Explain how to do this with steps please.
1. Simplify cos(x-y)+cos(x+y)/cosx
Formula: cosxcosy= cos(x+y)+cos(x-y)/2
cos(x-y)+cos(x+y)/cosx
=cosxcosy/2cosx
To simplify the expression cos(x-y) + cos(x+y)/cosx, we can make use of the formula cosxcosy = cos(x+y) + cos(x-y)/2.
Step 1: Apply the formula cosxcosy = cos(x+y) + cos(x-y)/2 to the expression. This gives us:
cos(x-y) + cos(x+y) / cosx = cosx*cosy / 2cosx
Step 2: Simplify the expression by canceling out the cosx term in the numerator and denominator:
cosx*cosy / 2cosx = cosy / 2
So, the simplified form of the given expression is cosy/2.
To simplify the expression cos(x-y) + cos(x+y) / cos(x), we can use the formula cos(x+y) + cos(x-y) = 2cos(x)cos(y).

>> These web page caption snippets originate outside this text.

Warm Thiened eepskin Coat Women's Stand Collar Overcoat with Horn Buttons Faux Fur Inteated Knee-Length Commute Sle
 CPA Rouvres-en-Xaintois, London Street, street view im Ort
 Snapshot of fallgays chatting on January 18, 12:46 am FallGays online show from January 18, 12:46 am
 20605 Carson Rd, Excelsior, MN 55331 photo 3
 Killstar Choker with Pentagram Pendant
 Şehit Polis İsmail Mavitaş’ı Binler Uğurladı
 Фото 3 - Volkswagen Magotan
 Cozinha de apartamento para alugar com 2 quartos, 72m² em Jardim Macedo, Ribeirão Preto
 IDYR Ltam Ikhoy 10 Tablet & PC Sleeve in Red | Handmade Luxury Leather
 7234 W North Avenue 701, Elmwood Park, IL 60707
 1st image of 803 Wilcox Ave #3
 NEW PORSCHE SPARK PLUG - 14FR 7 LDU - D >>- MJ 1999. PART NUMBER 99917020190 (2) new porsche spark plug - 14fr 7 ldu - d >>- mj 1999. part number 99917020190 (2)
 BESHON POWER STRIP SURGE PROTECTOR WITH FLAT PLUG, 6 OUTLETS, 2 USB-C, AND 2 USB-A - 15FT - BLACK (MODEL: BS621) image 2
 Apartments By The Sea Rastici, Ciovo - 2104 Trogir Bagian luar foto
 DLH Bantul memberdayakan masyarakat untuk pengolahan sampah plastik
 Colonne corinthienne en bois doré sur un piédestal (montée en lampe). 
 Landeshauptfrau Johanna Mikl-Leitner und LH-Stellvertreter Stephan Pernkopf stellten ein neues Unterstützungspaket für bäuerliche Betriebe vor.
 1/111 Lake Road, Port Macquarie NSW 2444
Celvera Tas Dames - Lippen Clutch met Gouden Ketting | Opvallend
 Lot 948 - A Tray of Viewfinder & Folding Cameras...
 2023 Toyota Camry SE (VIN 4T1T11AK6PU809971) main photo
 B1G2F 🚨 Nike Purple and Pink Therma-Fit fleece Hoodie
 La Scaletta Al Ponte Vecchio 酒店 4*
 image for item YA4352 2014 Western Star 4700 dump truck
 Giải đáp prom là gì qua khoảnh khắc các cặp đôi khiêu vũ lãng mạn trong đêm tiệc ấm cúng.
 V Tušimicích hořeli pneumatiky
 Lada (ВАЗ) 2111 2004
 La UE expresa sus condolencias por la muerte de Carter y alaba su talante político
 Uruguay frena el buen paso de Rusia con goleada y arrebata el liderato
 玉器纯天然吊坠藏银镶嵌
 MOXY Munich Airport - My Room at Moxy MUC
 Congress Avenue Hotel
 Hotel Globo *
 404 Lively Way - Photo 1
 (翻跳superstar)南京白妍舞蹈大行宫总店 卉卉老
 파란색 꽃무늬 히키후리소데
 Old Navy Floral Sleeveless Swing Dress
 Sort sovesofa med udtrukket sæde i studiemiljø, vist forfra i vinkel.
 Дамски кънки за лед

Here are the steps to simplify the expression:
Step 1: Write the given expression:
cos(x-y) + cos(x+y) / cos(x)
Step 2: Use the formula cos(x+y) + cos(x-y) = 2cos(x)cos(y) to simplify the numerator:
= 2cos(x)cos(y) / cos(x)
Step 3: Cancel out the cos(x) terms in the numerator and denominator:
= 2cos(y)
Therefore, the simplified expression is 2cos(y).